A Way Forward for OpenStreetMap’s Data Model

Jochen Topf has published a the preliminary report on the shortcomings of OpenStreetMap’s data model. It’s a very very in-the-weeds document, providing an in-depth discussion of the current state of OSM’s data model and ways to improve and future-proof it.

The report vets the data model against the backdrop of anticipated growth of the OSM data set and its implications for data processing, it looks at the lack of a native polygon geometry type (a classic!), limitations related to mapping large objects or and those with fuzzy boundaries, its incompatibility with standard GIS software, and many others.
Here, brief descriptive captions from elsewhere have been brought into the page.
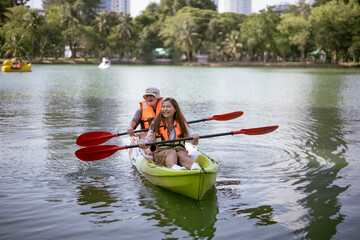 White father kayak with his young Asian adopted daughter wth laughing and smiling of fun and...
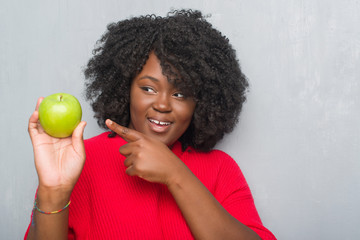 Sticker - Young african american woman over grey grunge wall eating green apple very happy pointing with hand and finger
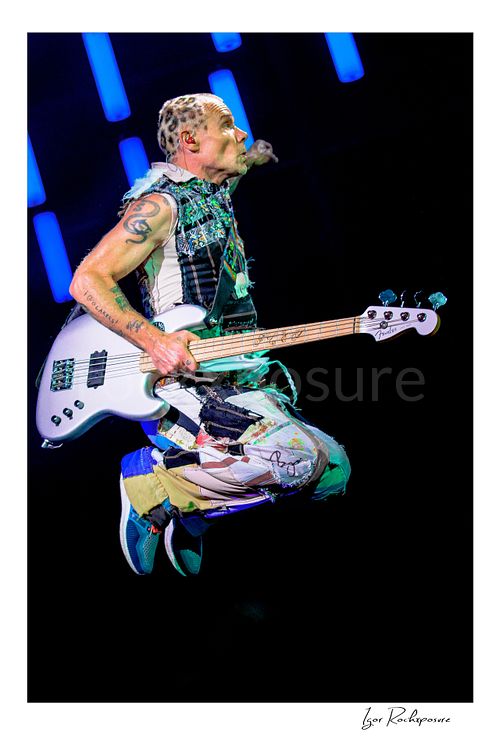 Vertical color image of Flea of Red Hot Chili Peppers suspended midair in a dramatic live performance leap, clutching his white bass against a dark stage with glowing blue LED tubes behind him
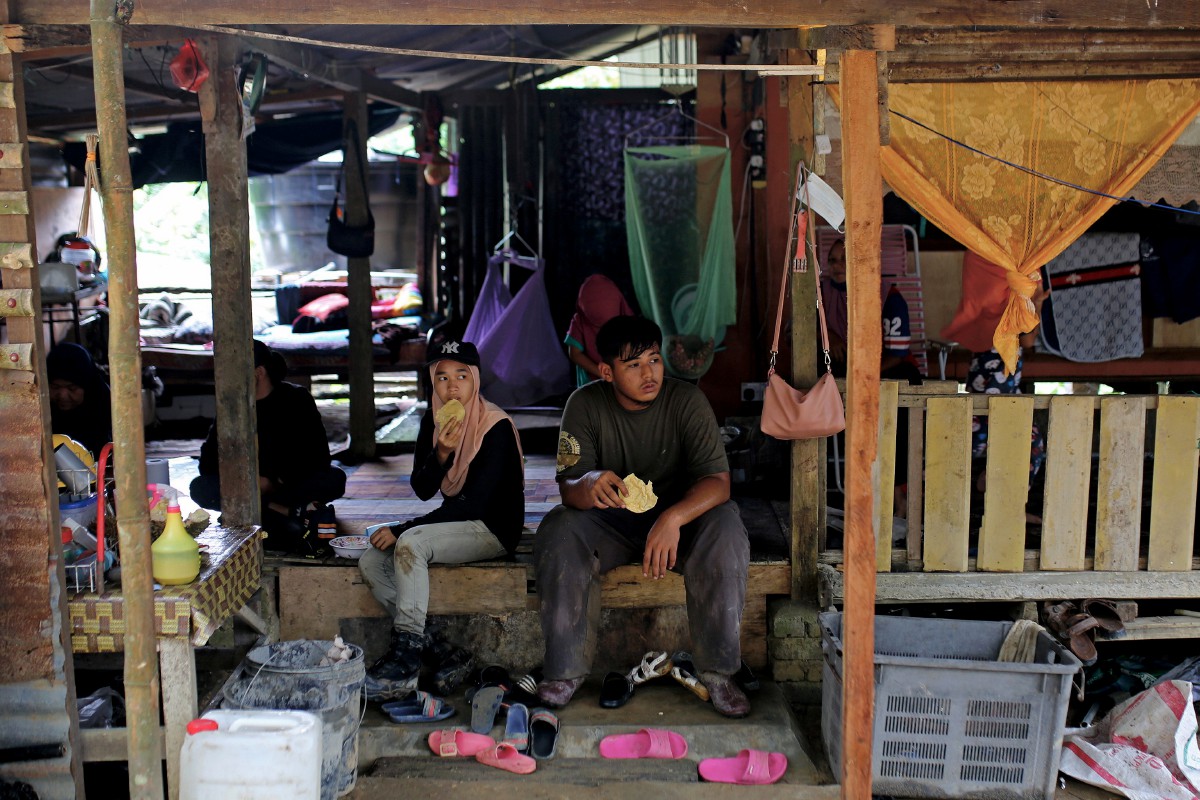 Nor Syazwani (kiri) menikmati makanan ringan ketika berehat seketika selepas bekerja di ladang kelapa sawit. FOTO BERNAMA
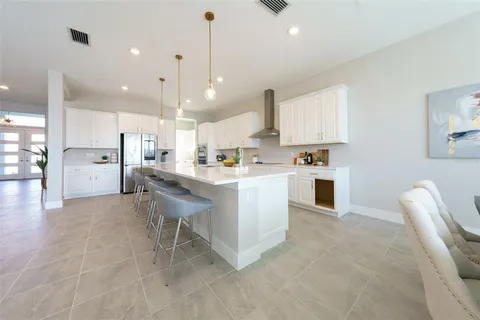 a kitchen with stainless steel appliances kitchen island granite countertop a sink and a refrigerator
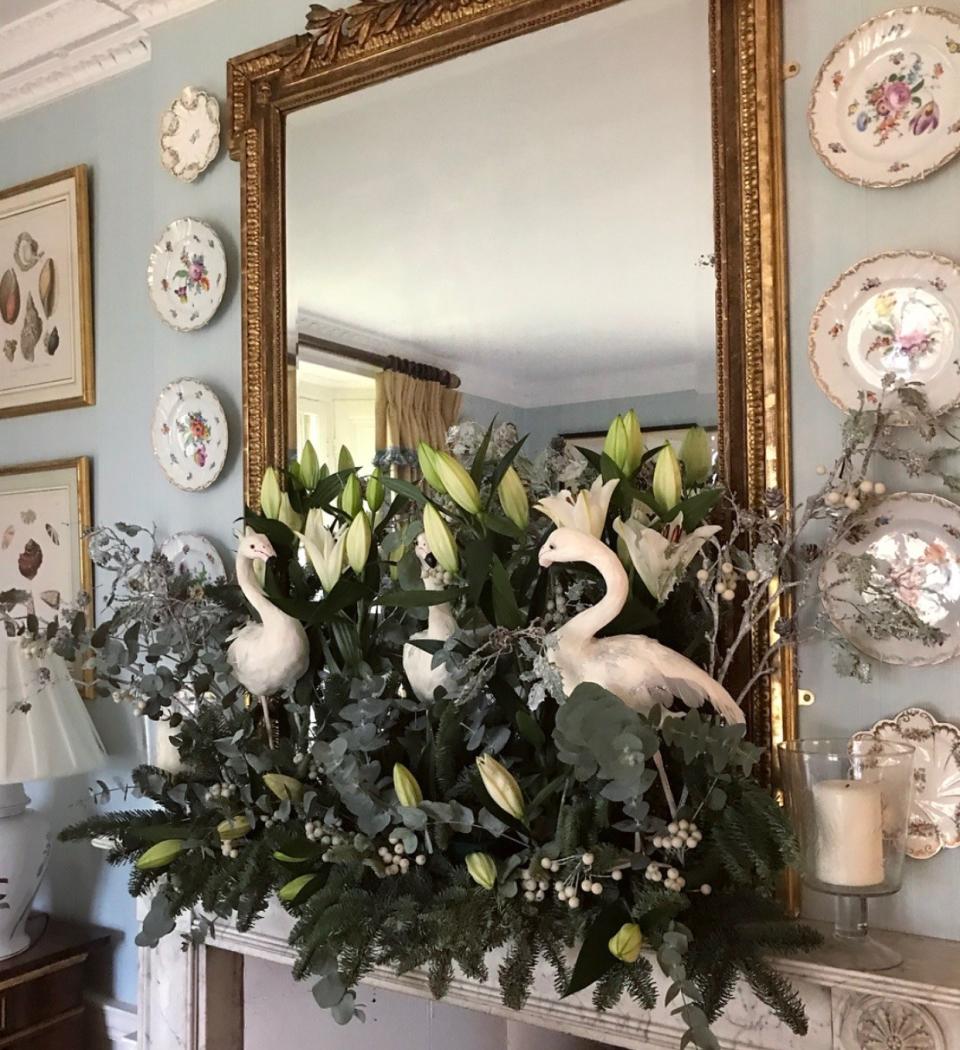 Our feathered friends perch pride of place in the dining room surrounded by lilies, berries, and crisp eucalyptus.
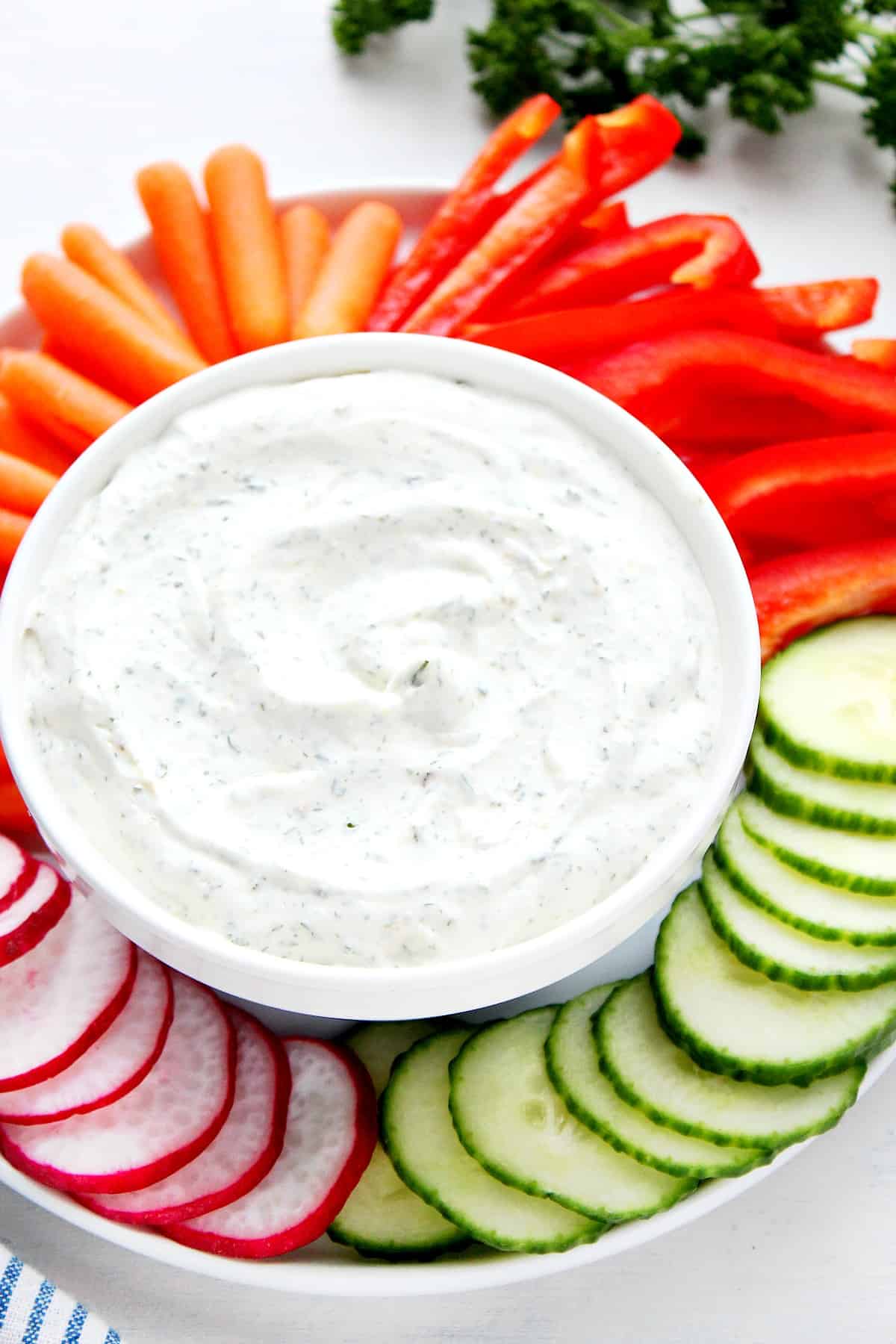 Dip in a bowl with veggies on plate.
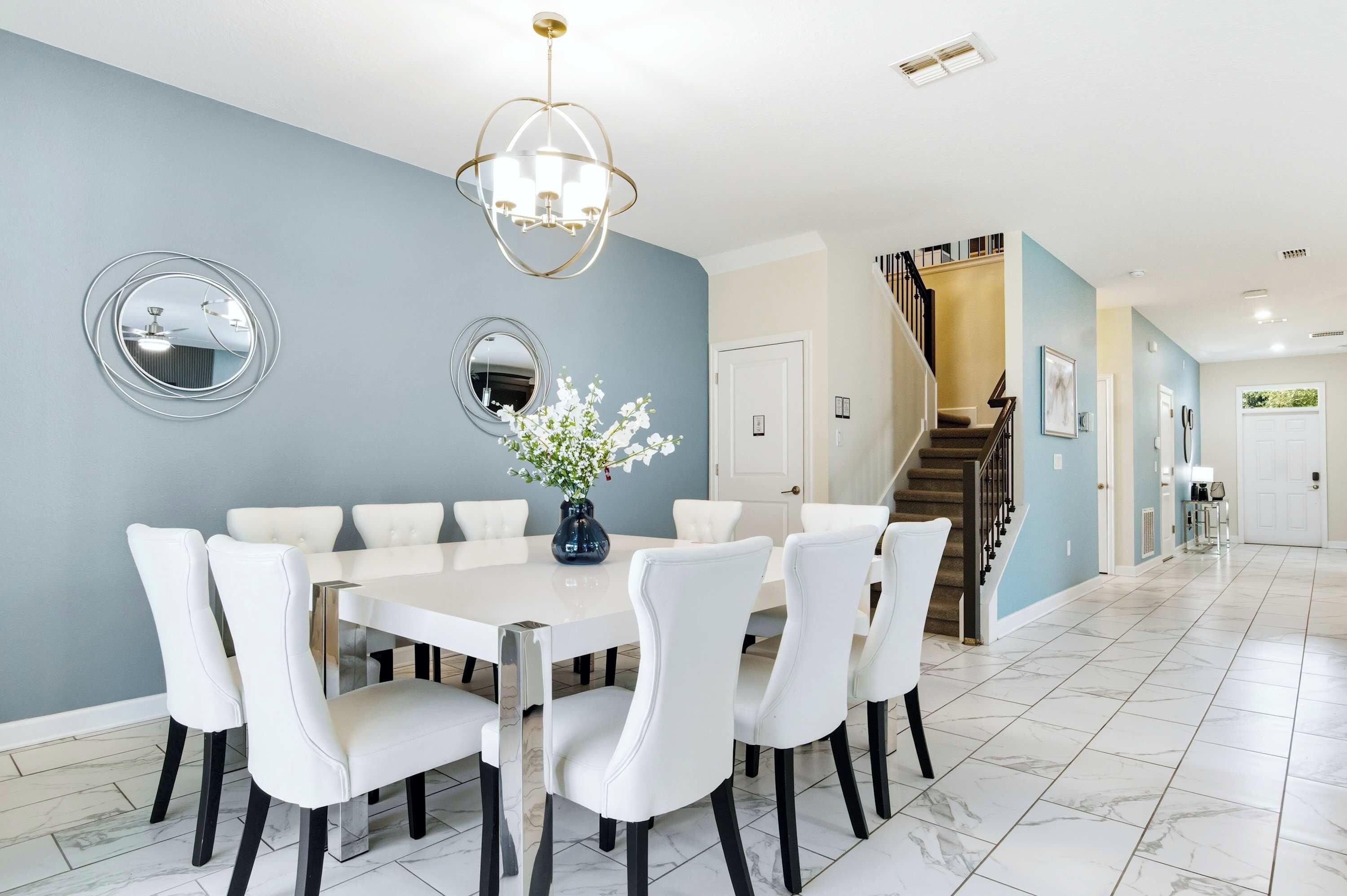 A dining area with a white table and chairs, a chandelier, and a vase with flowers.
Topf also suggests solutions addressing some of the problems, including removing untagged nodes, introducing an area type, limiting the length of tag values, changing the database management system, and offering different data formats via the API and for exports.

How many of the proposed changes will be implanted remains to be seen, Topf himself is cautious:

I am not proposing any action or, at most, minor steps. This is not because those are not important issues, but because I cannot see a clear path to any improvements. Often the goals are too vague to be actionable.

Implementing just some of the proposed changes would be if big lift, every tool interacting with the OSM data and API will be affected; every editor, every command-line script that coverts data, every export tool. It would require constant engagement with the community and strong technical leadership.


On a side note, it’s almost disappointing how few arguments about the paper there have been so far, compared to the huge stir the announcement of Topf’s review had caused a few months back.